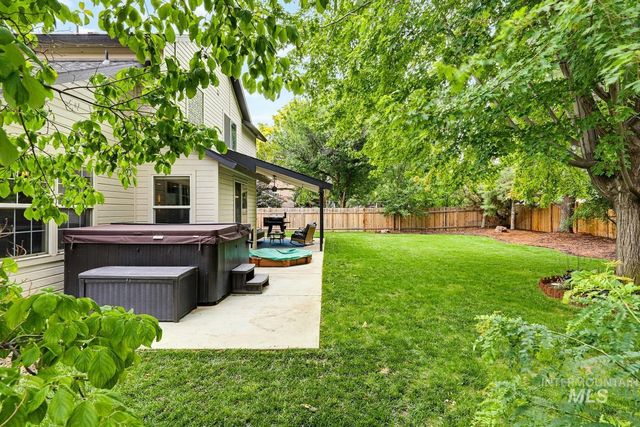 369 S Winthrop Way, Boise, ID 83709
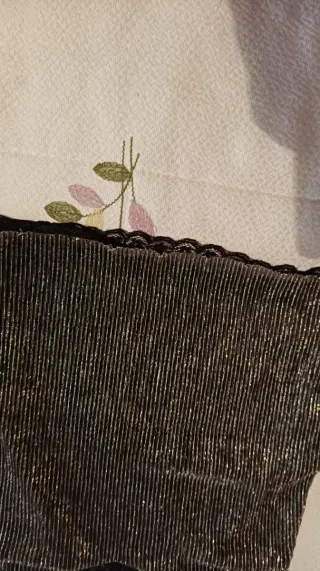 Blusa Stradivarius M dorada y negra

------------------------------------------------------------

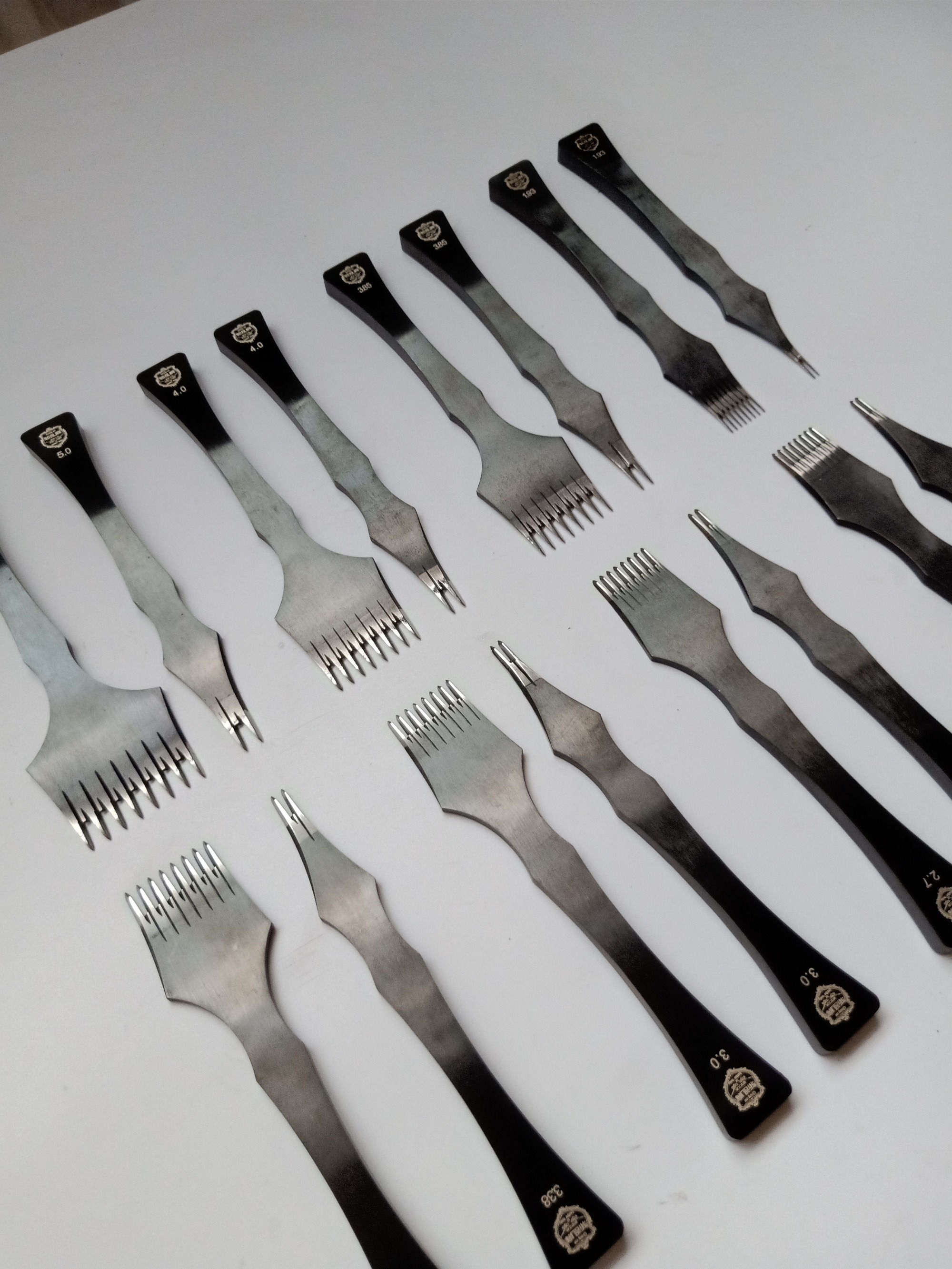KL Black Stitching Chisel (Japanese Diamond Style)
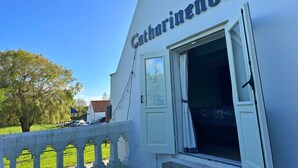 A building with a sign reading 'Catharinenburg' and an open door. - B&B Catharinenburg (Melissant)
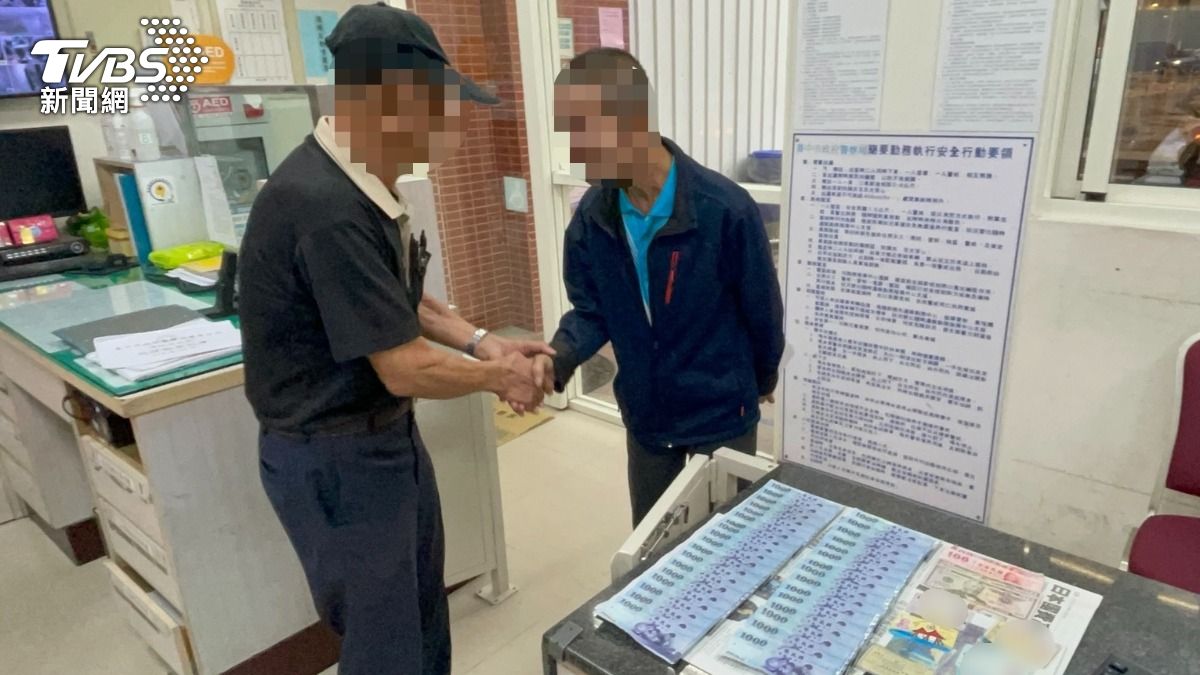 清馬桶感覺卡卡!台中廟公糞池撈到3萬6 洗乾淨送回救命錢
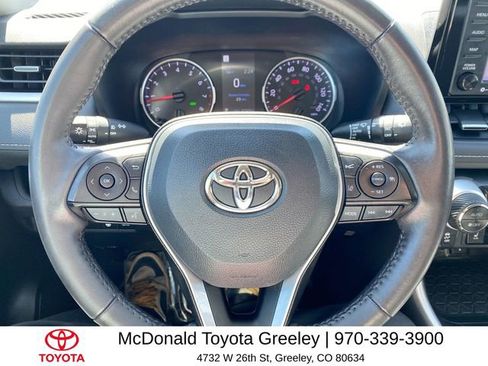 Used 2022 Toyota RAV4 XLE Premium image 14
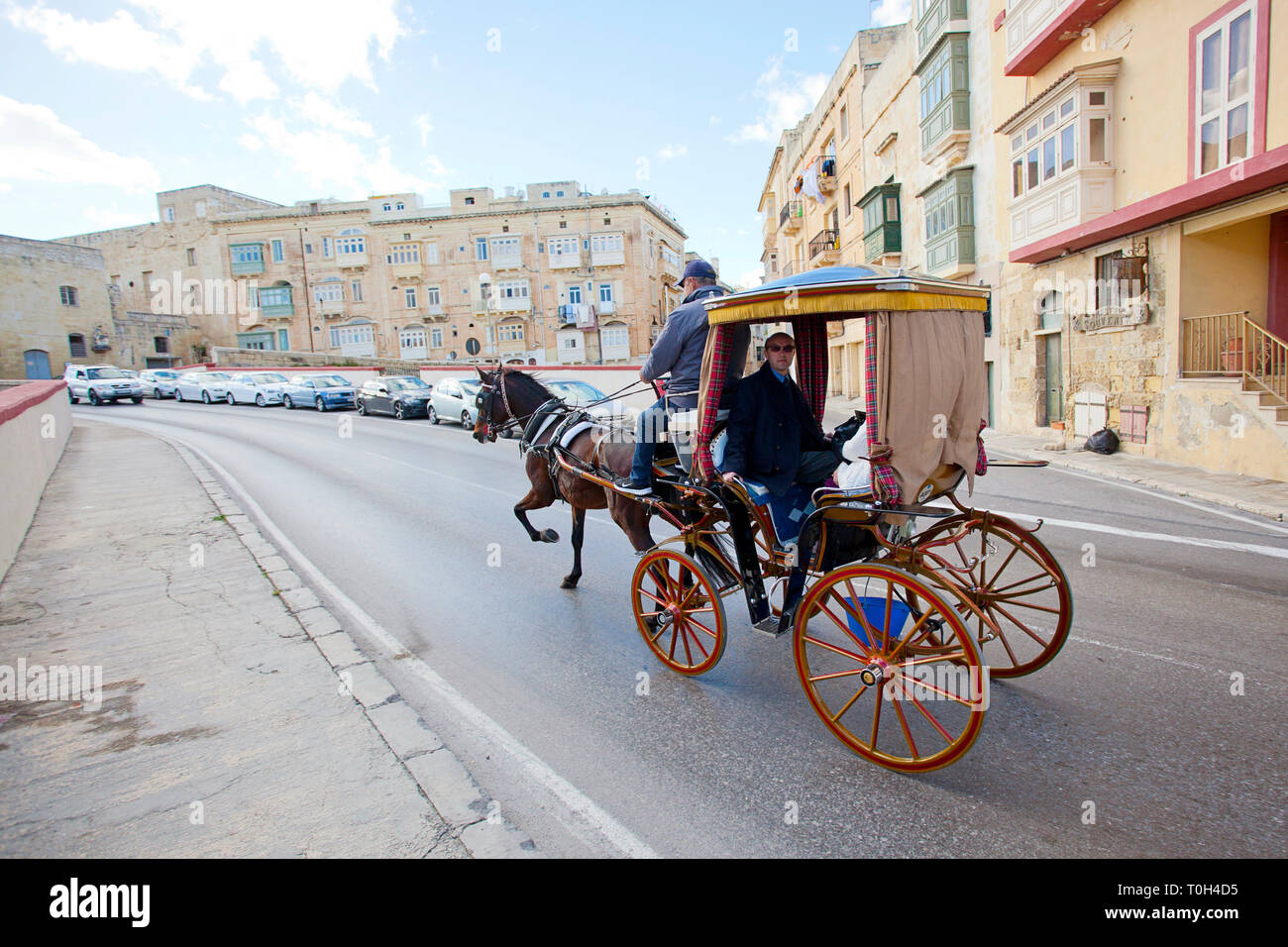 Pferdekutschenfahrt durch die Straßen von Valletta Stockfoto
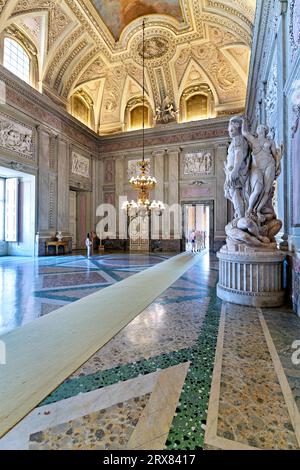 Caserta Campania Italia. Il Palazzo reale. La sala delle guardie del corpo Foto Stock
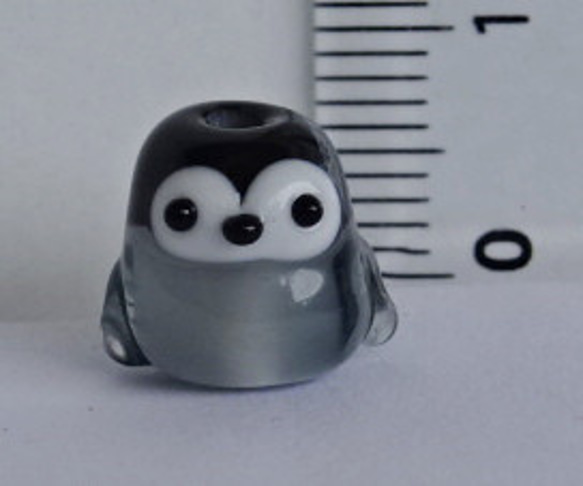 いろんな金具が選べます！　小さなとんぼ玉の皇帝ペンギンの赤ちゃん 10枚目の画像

------------------------------------------------------------

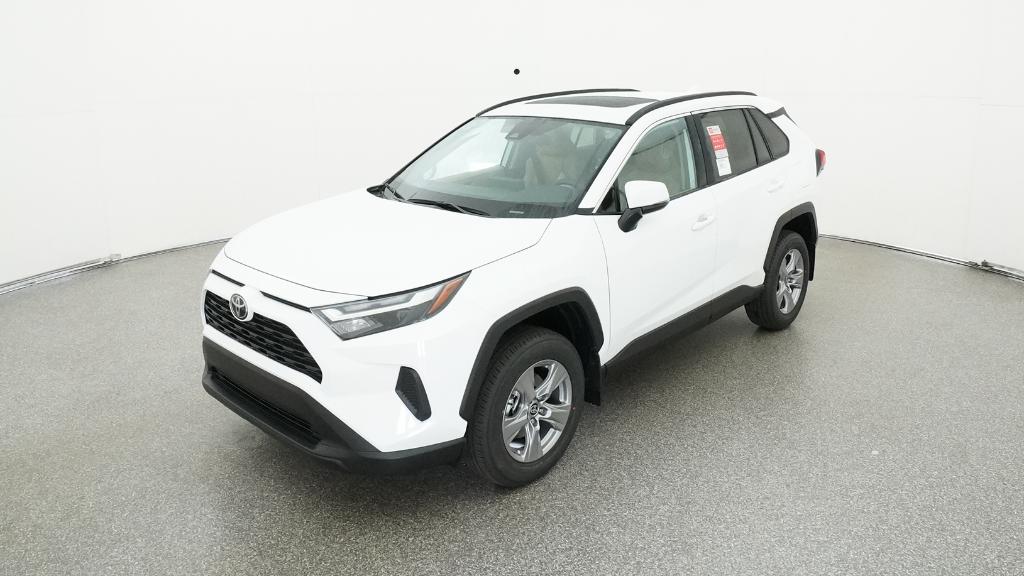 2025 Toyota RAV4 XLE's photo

------------------------------------------------------------

> **What you have to do**
Reproduce the listing above exactly from the line containing "Caserta Campania Italia." up to and including the line containing "いろんな金具が選べます！　小", omitting any images and everything outside those lines.

> **Result of the exercise**
 Caserta Campania Italia. Il Palazzo reale. La sala delle guardie del corpo Foto Stock
 いろんな金具が選べます！　小さなとんぼ玉の皇帝ペンギンの赤ちゃん 10枚目の画像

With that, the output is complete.